Problem: Print the lines below from the line with "Comedy One-Sheet Theatrical" to the line with "Lembrancinha Mandala de Porta Anjo da Guarda" exactly, keeping both ends, and print no pictures.

Exercise input:
——————
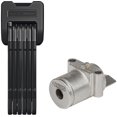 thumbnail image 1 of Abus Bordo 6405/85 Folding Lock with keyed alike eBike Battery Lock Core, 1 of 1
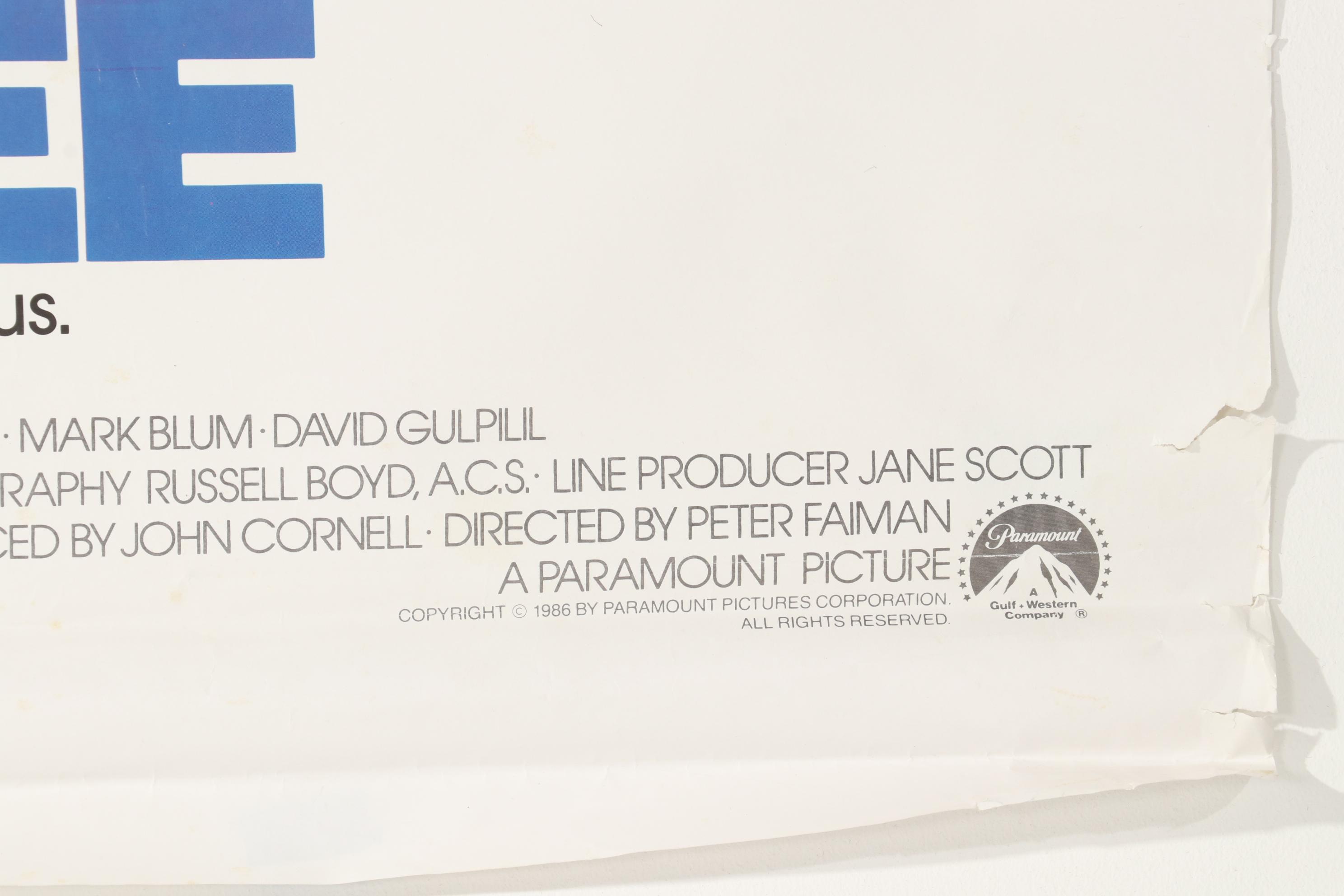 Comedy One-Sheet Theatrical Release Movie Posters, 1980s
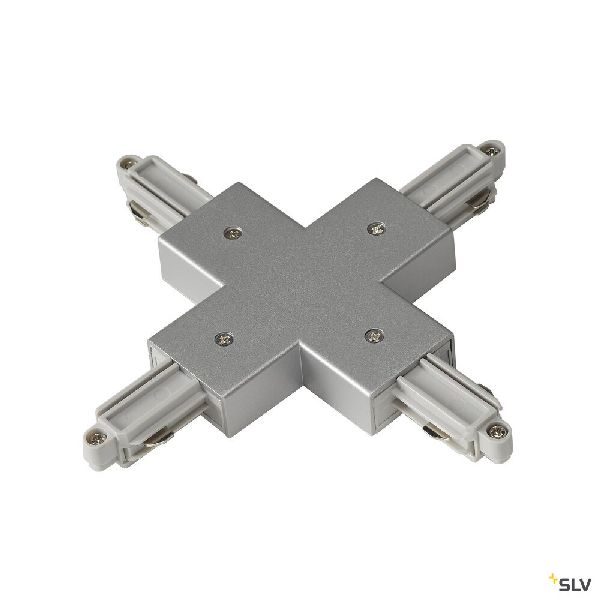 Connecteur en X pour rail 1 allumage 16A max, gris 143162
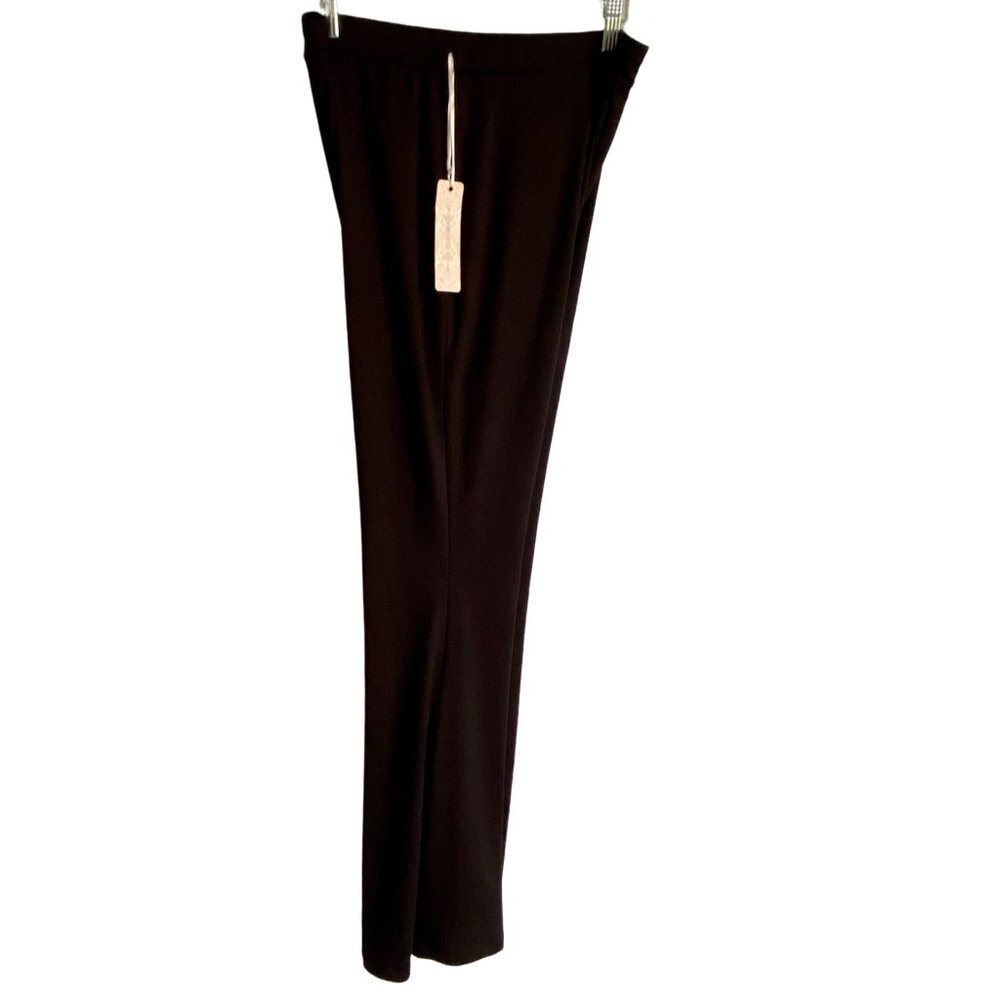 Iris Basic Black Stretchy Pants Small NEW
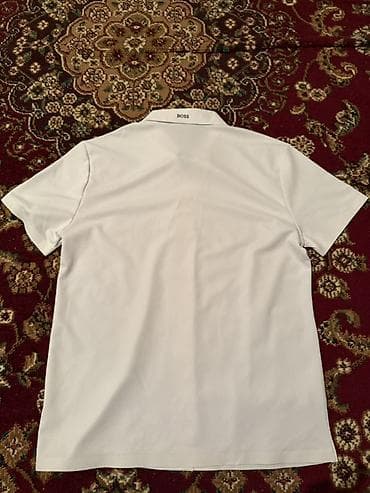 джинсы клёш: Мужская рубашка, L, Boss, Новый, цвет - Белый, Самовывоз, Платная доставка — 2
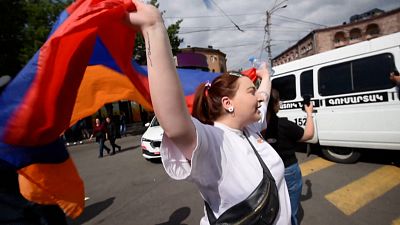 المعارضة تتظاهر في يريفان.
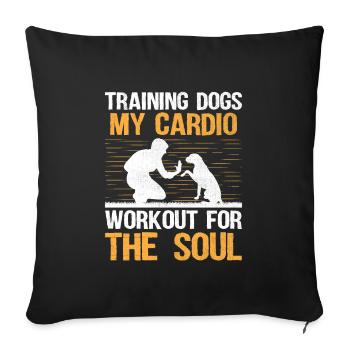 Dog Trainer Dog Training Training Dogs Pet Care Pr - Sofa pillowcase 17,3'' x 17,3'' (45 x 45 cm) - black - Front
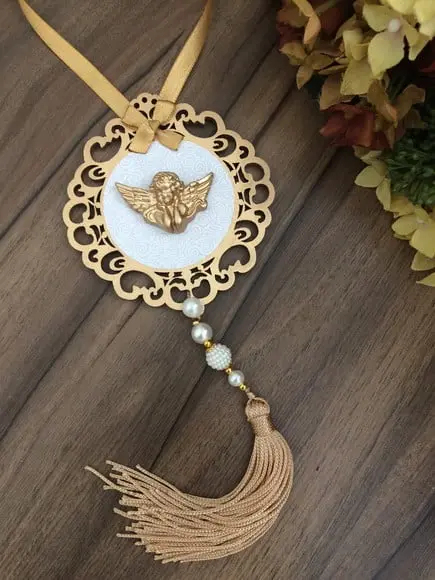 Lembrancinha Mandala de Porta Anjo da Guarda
——————
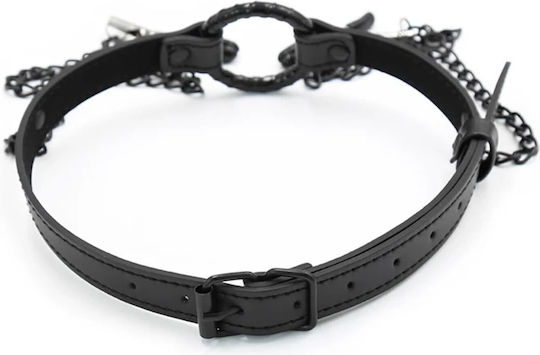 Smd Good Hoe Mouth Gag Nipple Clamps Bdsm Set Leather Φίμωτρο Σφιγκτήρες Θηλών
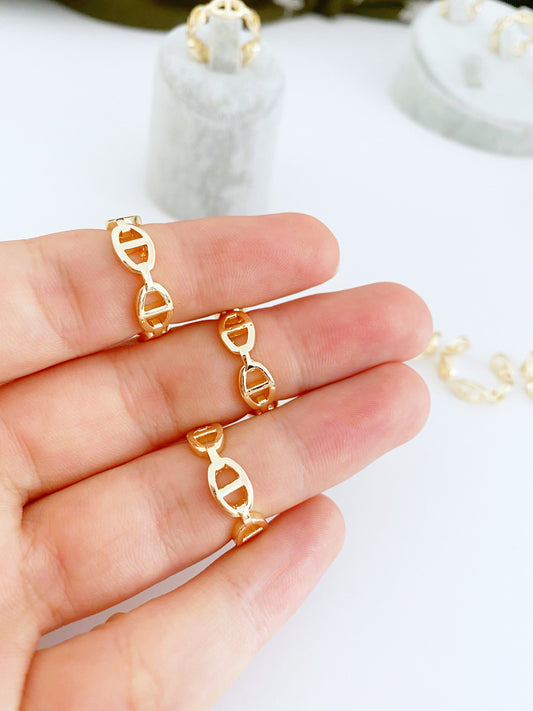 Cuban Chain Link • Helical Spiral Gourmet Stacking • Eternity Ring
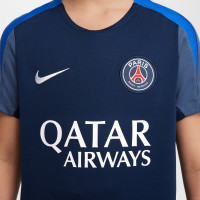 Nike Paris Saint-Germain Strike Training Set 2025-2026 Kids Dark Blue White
——————
Result:
 Comedy One-Sheet Theatrical Release Movie Posters, 1980s
 Connecteur en X pour rail 1 allumage 16A max, gris 143162
 Iris Basic Black Stretchy Pants Small NEW
 джинсы клёш: Мужская рубашка, L, Boss, Новый, цвет - Белый, Самовывоз, Платная доставка — 2
 المعارضة تتظاهر في يريفان.
 Dog Trainer Dog Training Training Dogs Pet Care Pr - Sofa pillowcase 17,3'' x 17,3'' (45 x 45 cm) - black - Front
 Lembrancinha Mandala de Porta Anjo da Guarda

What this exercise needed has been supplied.